Digital Logos Edition
Please Note: Due to licensing restrictions, this product is only available for purchase in the United States and Canada.
Even people who are not practicing Christians think they are familiar with the story of the nativity. Every Christmas displays of baby Jesus resting in a manger decorate lawns and churchyards, and songs about shepherds and angels fill the air. Yet despite the abundance of these Christian references in popular culture, how many of us have examined the hard edges of this biblical story?
In his new book, Timothy Keller takes readers on an illuminating journey into the surprising background of the nativity. By understanding the message of hope and salvation within the Bible’s account of Jesus’ birth, readers will experience the redeeming power of God’s grace in a deeper and more meaningful way.
Keller shares, "If you’re my age and you’ve been preaching for 40 years, you’ve talked about Christmas a lot. Every time I get to the Christmas season I realize this is such an important message, and people don’t hear it, they just tune out what the Christian idea of Christmas claims to be… this is a bit of a wake-up call, and a non-sentimental book on Christmas."
“Christmas contains many spiritual truths, but it will be hard to grasp the others unless we grasp this one first. That is, that the world is a dark place, and we will never find our way or see reality unless Jesus is our Light.” (Page 6)
“Christmas, like God himself, is both more wondrous and more threatening than we imagine.” (Page 3)
“Second, if Jesus is Wonderful Counselor and Prince of Peace, you should want to serve him.” (Page 13)
“Christmas is not simply about a birth but about a coming.” (Page 20)
“When you are going through something very difficult, it’s good to talk to someone who has walked the same path, who knows personally what you have been going through. If God has really been born in a manger, then we have something that no other religion even claims to have. It’s a God who truly understands you, from the inside of your experience. There’s no other religion that says God has suffered, that God had to be courageous, that he knows what it is like to be abandoned by friends, to be crushed by injustice, to be tortured and die. Christmas shows he knows what you’re going through. When you talk to him, he understands.” (Pages 13–14)

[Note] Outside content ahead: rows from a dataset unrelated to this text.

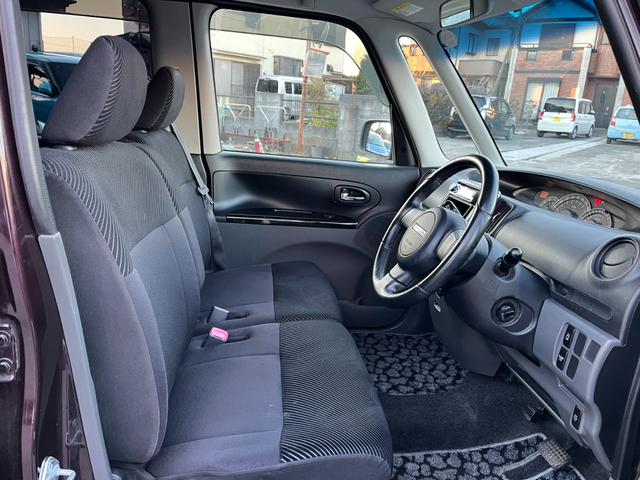 タント カスタムRS 電動スライドドア HID スマートキー ベンチシート ターボ CVT 盗難防止システム ABS CD アルミホイール 衝突安全ボディ エアコン パワーステアリング パワーウィンドウ(8枚目)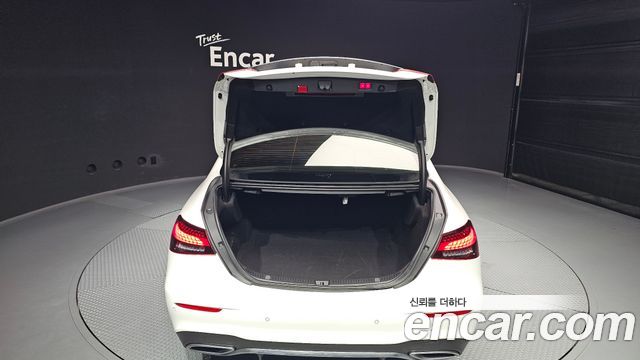 Mercedes-Benz E-Class 2022 — photo 20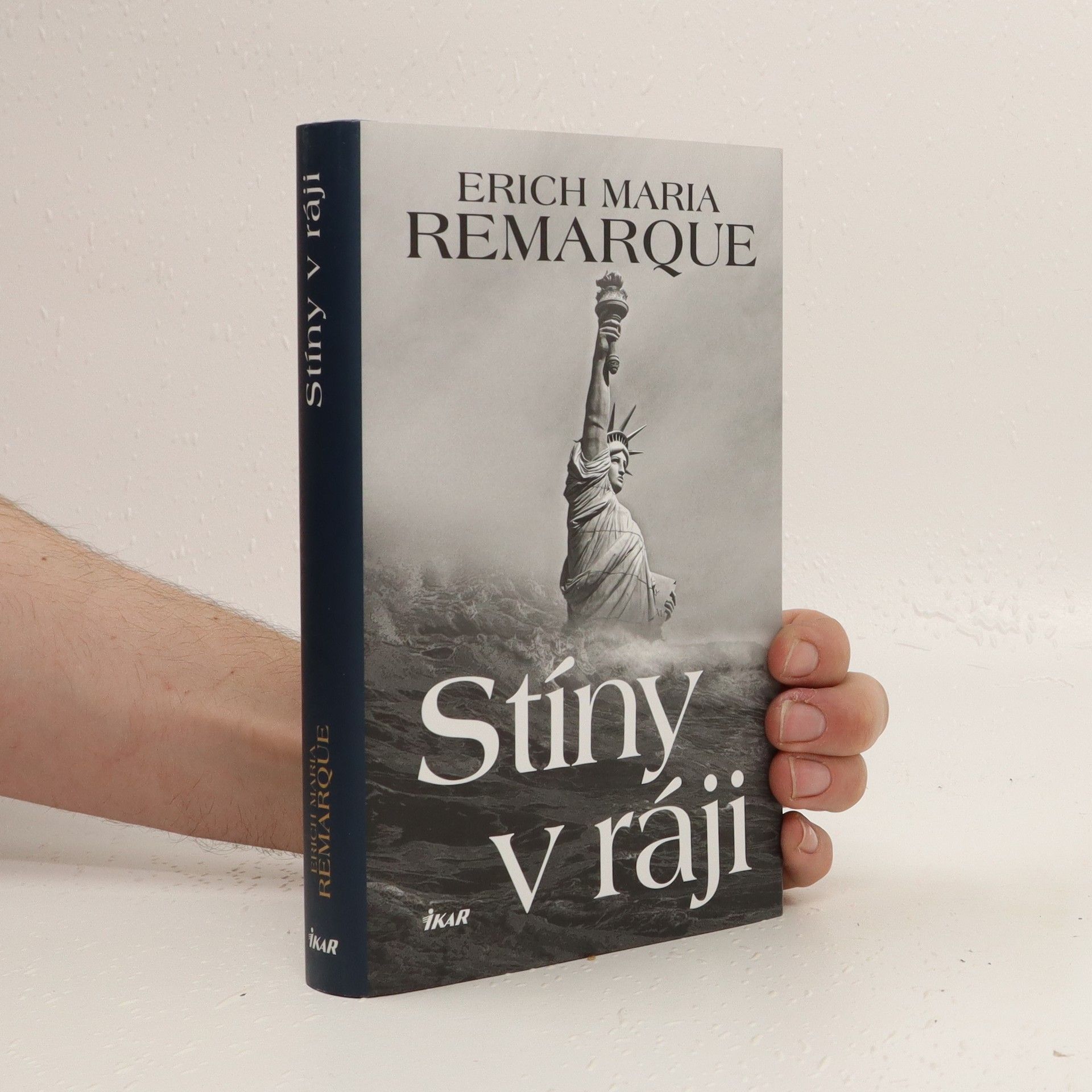 Erich Maria Remarque Stíny v ráji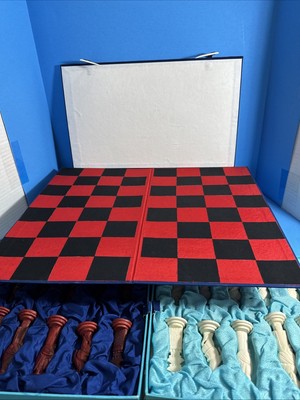 Vintage Chess Board  Hand Carved Pieces Made In People s Republic Of China (TM)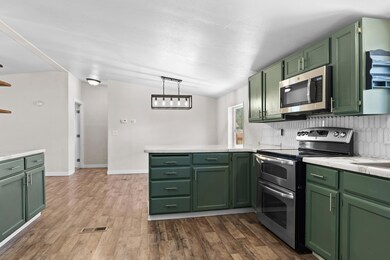 284 N 100 E, Washington, UT 84780 - photo 7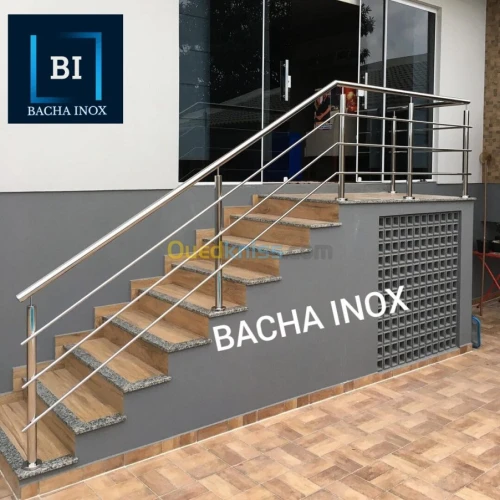 Rampe d'escalier en verre et en inox 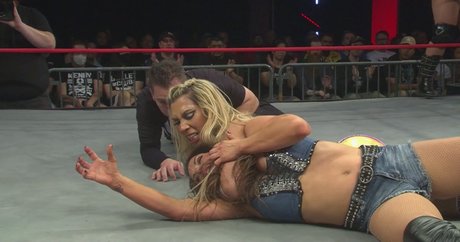 Mickie James pornostar sexy bilder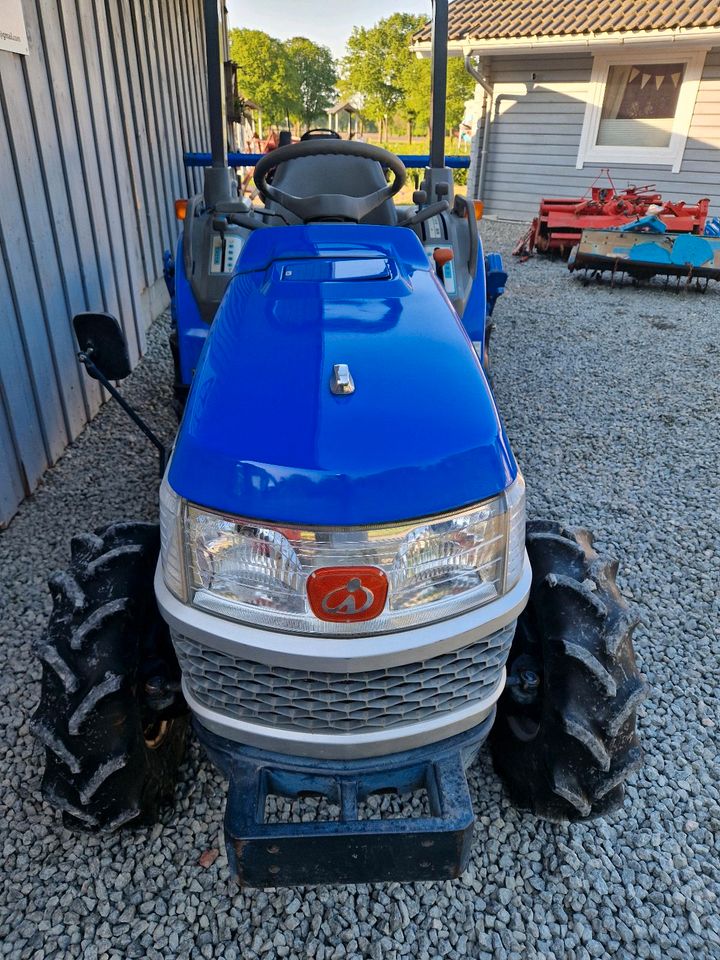 Kleintraktor Iseki Sial Hunter Mit Bodenfräse Weinbergschlepper Bulldog Trecker in Lamstedt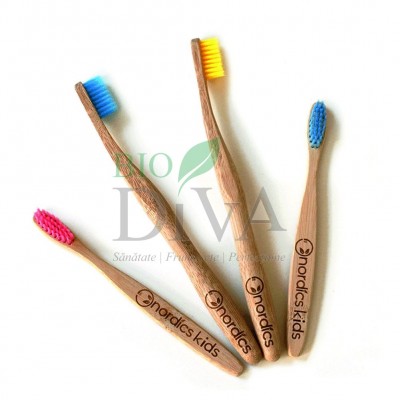 Periuță de dinți din bambus pentru adulți Nordics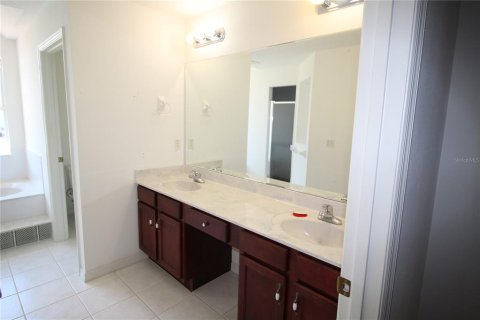 House in Palm Coast, Florida 3 bedrooms, 208.57 sq.m. № 1851544 - photo 15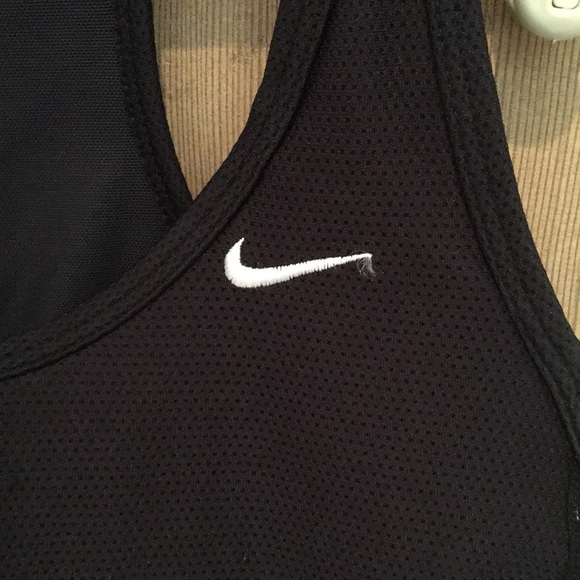 Nike Dri-Fit tank top with built in bra - Picture 3 of 5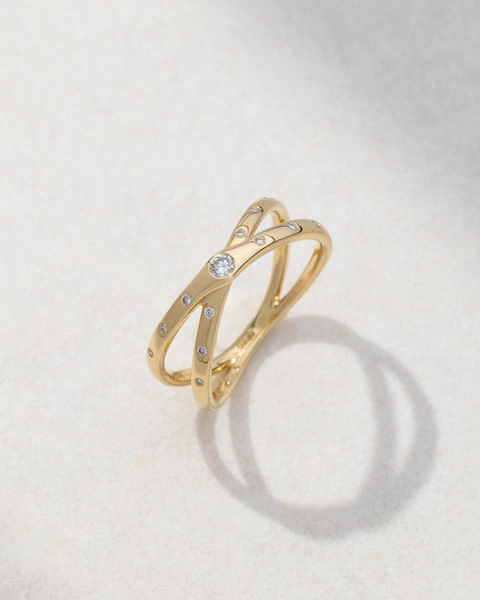 Ring in 18K Yellow Gold with Intricate Design and Brilliant Cut Diamonds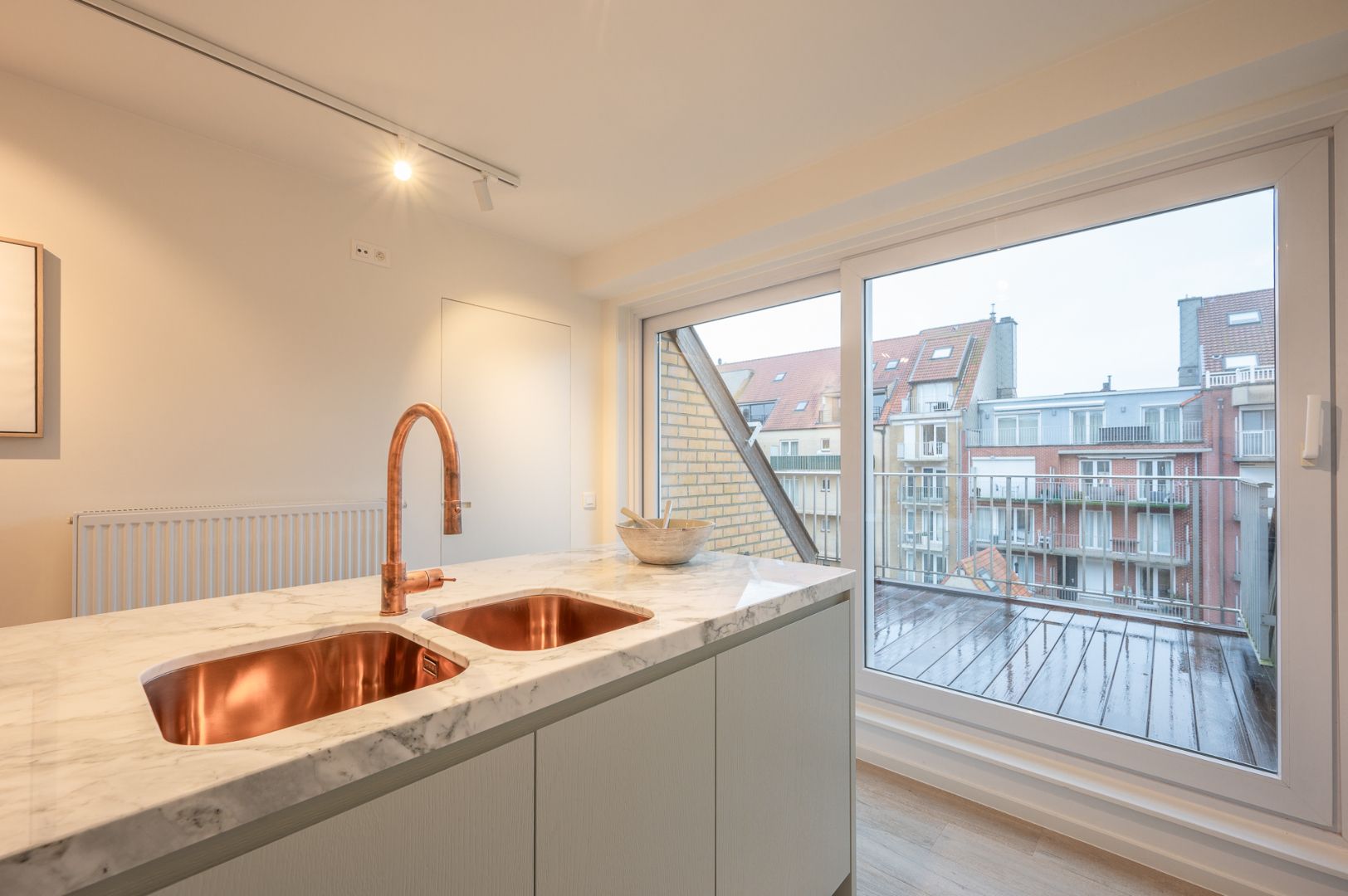 Gerenoveerd duplex appartement met 3 slaapkamers foto 8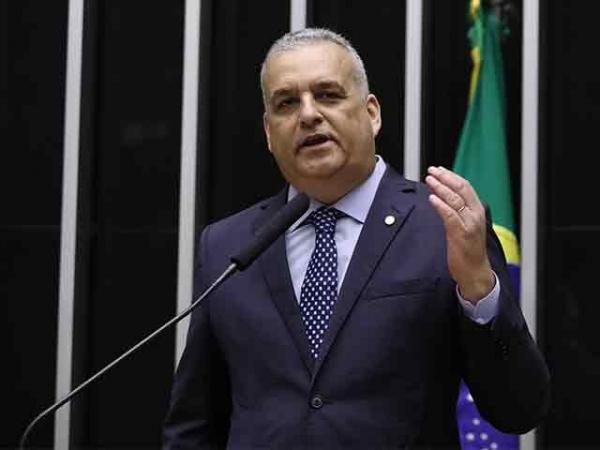 Projeto fixa regras para BNDES financiar no exterior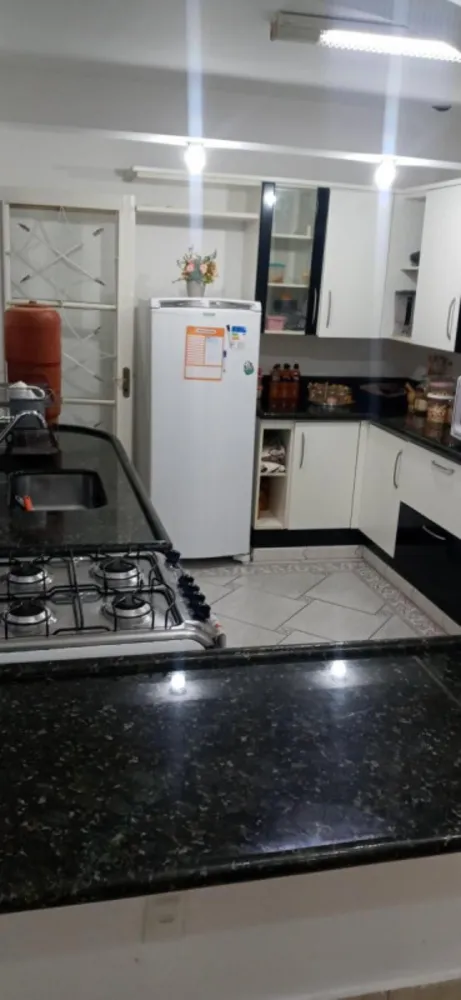Casa, 3 quartos, 104 m² - Foto 2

[A] great gift book . . . Keller achieves his pastoral goal of teaching Christmas’ most important message—‘God alone has the life, truth, and joy that we lack and cannot generate ourselves’—and in doing so, provides solace for those who seek it.
—Publishers Weekly
Keller beautifully displays multiple facets of the gospel within the Christmas story... [He] has established his place as one our most helpful theological and cultural commentators. With Hidden Christmas, he applies his gifts to a subject that’s at once overly familiar and often neglected.
—Scott James, The Gospel Coalition
Timothy Keller was born and raised in Pennsylvania and educated at Bucknell University, Gordon-Conwell Theological Seminary, and Westminster Theological Seminary. He previously served as pastor of West Hopewell Presbyterian Church in Hopewell, Virginia; associate professor of practical theology at Westminster Theological Seminary, and director of Mercy Ministries for the Presbyterian Church in America.
Timothy Keller is the founding pastor of Redeemer Presbyterian Church in Manhattan, which he started in 1989 with his wife, Kathy, and his three young sons. For over 20 years, he has led a diverse congregation of young professionals with a weekly attendance of over 5,000.
He is also president of Redeemer City to City, which starts new churches in New York and other global cities and publishes books and resources for faith in an urban culture. Over the past 10 years, the organization has helped launch over 200 churches in 35 cities. More recently, Dr. Keller’s books, including the New York Times bestselling The Reason for God and The Prodigal God, have sold over one million copies and been translated into 15 languages.
Christianity Today has said, “Fifty years from now, if evangelical Christians are widely known for their love of cities, their commitment to mercy and justice, and their love of their neighbors, Timothy Keller will be remembered as a pioneer of the new urban Christians.”